Second Compression Ring End Gap = Bore Diameter" x .005"


Since these measurements are done in inches, you'll need to convert your bore diameter from mm to in.


Bore Diameter In Millimeters / 25.4 = Bore Diameter In Inches

For example, my 72cc big bore kit uses a 47mm bore.

47mm / 25.4 = 1.85"

1.85" x .004" = .007"

1.85" x .005" = .009"


I'll need to set my top compression ring's end gap to .007" and the second compression ring's end gap to .009".


To set end gap, begin by placing the piston ring in the cylinder. Make sure the marks are facing up just as it would be installed on the piston.


Use the piston to make sure the ring installed straight so you can get an accurate measurement.


Now use feeler gauges to measure the distance between the ring's ends.


If the distance is too small you can file the ends of the ring and recheck. Be careful not to damage the ring. Apply light pressure and try to maintain the original angle of the ring's ends. If the end gap is too large your only option is to get new rings or if they are close to the gap needed, just use them.


Once your rings are gapped properly, it's time to install them on the piston. I suggest using a piston ring expander tool. You can pick one up pretty cheap from most auto parts stores or possibly rent one long enough to do the job.


Start by putting the top compression ring in the expander tool and opening it just wide enough to fit over the piston. Be very careful not to spread the ring too far and break it.


Move the ring into position in the top ring land and slowly release the pressure from the piston ring expander. Make sure the ring is in the ring land all the way around the piston. Some people like to use assembly lube or two stroke oil to coat the piston and/or rings for this process. I do it dry.


Repeat this procedure, placing the 2nd compression ring into the middle ring land. When installing the oil control rings, make sure the two thin rings are on each side of the wavy ring. It is often easiest to install the wavy ring first, then the thin rings on the edges.


Apply assembly lube or two stroke oil to the wrist pin, the guide in the piston, and the inside of the connecting rod and slide the wrist pin in as far as you can without it protruding into the center of the piston.

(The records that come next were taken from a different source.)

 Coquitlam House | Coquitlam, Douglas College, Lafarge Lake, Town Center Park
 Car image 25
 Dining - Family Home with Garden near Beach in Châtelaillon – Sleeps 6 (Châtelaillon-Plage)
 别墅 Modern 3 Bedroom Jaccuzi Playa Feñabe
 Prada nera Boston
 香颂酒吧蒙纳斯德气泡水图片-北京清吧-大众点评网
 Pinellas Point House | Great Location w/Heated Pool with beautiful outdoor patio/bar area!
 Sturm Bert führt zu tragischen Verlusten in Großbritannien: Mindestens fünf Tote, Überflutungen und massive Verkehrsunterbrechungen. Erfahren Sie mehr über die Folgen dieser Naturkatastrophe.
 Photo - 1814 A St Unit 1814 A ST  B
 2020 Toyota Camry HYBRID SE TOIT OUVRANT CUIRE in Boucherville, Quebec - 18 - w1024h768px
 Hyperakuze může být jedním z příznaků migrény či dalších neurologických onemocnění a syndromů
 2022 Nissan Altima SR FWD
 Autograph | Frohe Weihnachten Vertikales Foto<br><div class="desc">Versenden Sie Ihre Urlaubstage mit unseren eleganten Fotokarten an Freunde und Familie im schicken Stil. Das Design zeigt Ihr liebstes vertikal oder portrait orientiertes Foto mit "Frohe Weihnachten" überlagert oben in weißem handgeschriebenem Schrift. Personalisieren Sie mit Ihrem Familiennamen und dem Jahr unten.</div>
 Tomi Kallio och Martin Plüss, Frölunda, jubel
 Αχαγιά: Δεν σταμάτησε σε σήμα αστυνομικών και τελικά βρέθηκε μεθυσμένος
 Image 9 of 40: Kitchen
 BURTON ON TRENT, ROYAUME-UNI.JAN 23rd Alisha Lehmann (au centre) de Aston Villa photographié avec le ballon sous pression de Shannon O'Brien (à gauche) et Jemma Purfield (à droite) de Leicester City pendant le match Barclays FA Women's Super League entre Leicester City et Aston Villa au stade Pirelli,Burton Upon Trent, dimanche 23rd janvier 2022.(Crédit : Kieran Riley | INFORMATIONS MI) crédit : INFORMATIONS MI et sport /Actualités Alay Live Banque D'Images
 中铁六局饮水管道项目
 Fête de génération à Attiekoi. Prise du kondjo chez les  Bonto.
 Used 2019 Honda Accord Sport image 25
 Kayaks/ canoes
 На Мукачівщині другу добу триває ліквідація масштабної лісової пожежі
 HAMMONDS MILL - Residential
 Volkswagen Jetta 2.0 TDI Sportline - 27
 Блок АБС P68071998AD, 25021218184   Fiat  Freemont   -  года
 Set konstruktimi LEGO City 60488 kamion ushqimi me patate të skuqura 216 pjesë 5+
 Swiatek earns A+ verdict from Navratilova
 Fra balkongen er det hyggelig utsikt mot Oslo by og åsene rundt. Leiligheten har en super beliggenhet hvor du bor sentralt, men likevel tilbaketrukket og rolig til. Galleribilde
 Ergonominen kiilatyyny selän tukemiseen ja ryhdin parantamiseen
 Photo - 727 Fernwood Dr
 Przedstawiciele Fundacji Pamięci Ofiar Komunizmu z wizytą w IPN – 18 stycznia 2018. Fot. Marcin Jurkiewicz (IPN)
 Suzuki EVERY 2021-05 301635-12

I remove or reposition the rags guarding the crankcase from debris to give me a little more room for movement in this step. Note the position of the valve relief’s in the top of the piston. The one labeled "IN" should be at the top when installed. Slide the wrist pin through the connecting rod so that both ends are flush with the inside cutout of the piston.


I replace the rags in the crankcase for the next step. Circlips sometimes spring out when you are trying to install them and you don't want them in your crankcase.


Install the circlips on both sides of the wrist pin. This can be tricky until you get the hang of it. I push one side into the reciever groove for the circlip. Then grab the other side with a pair of needle nose pliers. Twist and push a little and the circlip should go into place. You may find that another method works better for you.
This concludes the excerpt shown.